Kasha Jacqueline Nabagesera

Some days the news is good. Today, that’s the case from Uganda. Last December, when the Uganda Parliament passed `ethics laws’, that, using the most vague and hence lethal language, threatened the LGBT communities with life in prison while also outlawing miniskirts, Kasha Jacqueline Nabagesera, founder of FAR-Uganda, Freedom and Roam Uganda; Julian Pepe Onziema and Frank Mugisha, leaders of SMUG, Sexual Minorities of Uganda; joined forces with Professor Joe Oloka-Onyango, MP Fox Odoi-Oywelowo, veteran journalist Andrew Mwenda, Prof. Morris Latigo, Dr. Paul Nsubuga Ssemugoma, indigenous civil society organizations, the Human Rights Awareness and Promotion Forum (HRAPF) and the Centre for Health, Human Rights and Development (CEHURD). Together, they sued the Attorney General. Today, they won. The constitutional court declared the passing of the anti homosexuality bill into an act as null and void.

Kasha Jacqueline Nabagesera and all the activists know the struggle is not over.
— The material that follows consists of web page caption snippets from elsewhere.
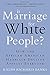Is Marriage for White People?: How the African American Marriage Decline Affects Everyone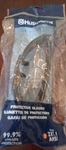 Husqvarna Safety Glasses 99.9% Uva Protection-brand New-ships 24 Hours. Fixed Price $49.88.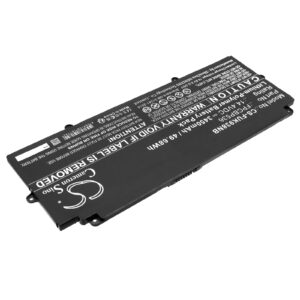3450 mAh for Fujitsu CP730401-01,CP737634-01,FPB0340S,FPCBP536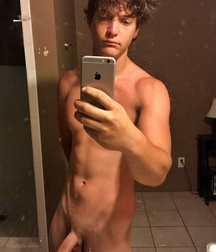 Nude Str8 Boys 5eb766ceca256.jpg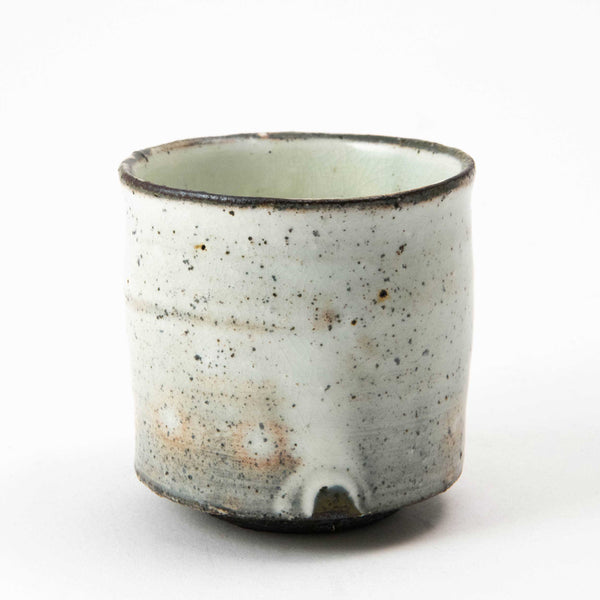 Tea Cup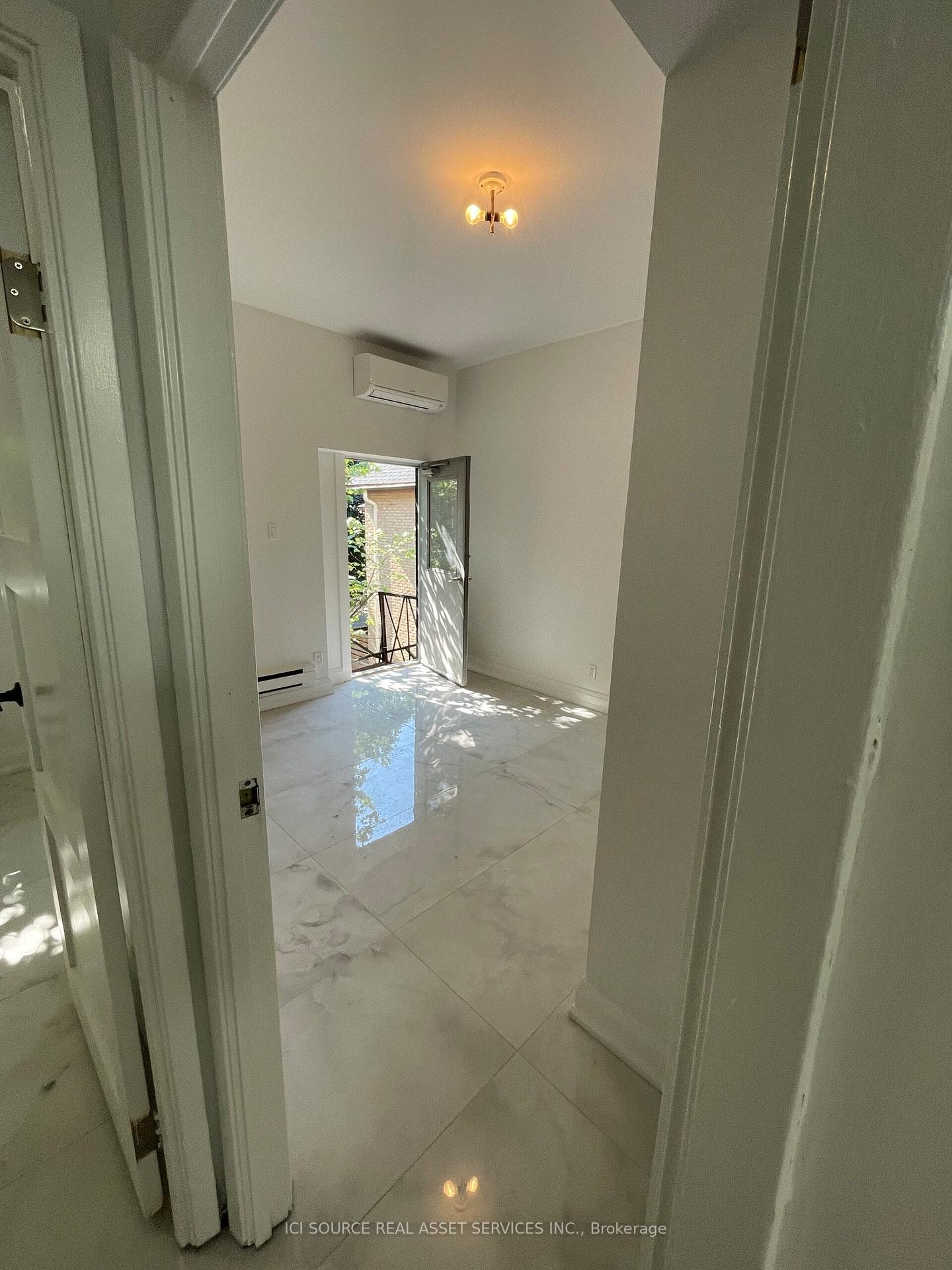 Photo 19 of Unit 3, 754 Queen Street E, Toronto, South Riverdale — HOMEH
They know that the LGBT communities, and especially their leaders, will be attacked with even greater vehemence. According to Kasha Jacqueline, “Many people are going to retaliate and attack community members. People are going to retaliate — not just the members of parliament and anti-gay groups and religious leaders, but in the community as well.”

But they know something else as well. You only win by pushing back and pushing forward. Kasha Jacqueline knows in advance that the government will petition the decision, as it did instantly. She knows that same-sex relationships, again still codified in the most ambiguous and hence lethal language, is still illegal. But she knows as well the great work of having faced down the State, the President, the Parliament, and everyone else who said she must just die, and the sheer joy of hearing the phrase “null and void.” The actions of those who would nullify her, of those who cast her into the void, are now null and void.

And Kasha Jacqueline Nabagesera can laugh and cry and say, “I am no longer criminal, today we have made history for generations to come”. Some days, thanks to the work of women like Kasha Jacqueline Nabagesera, the news is good. Today is one of those days.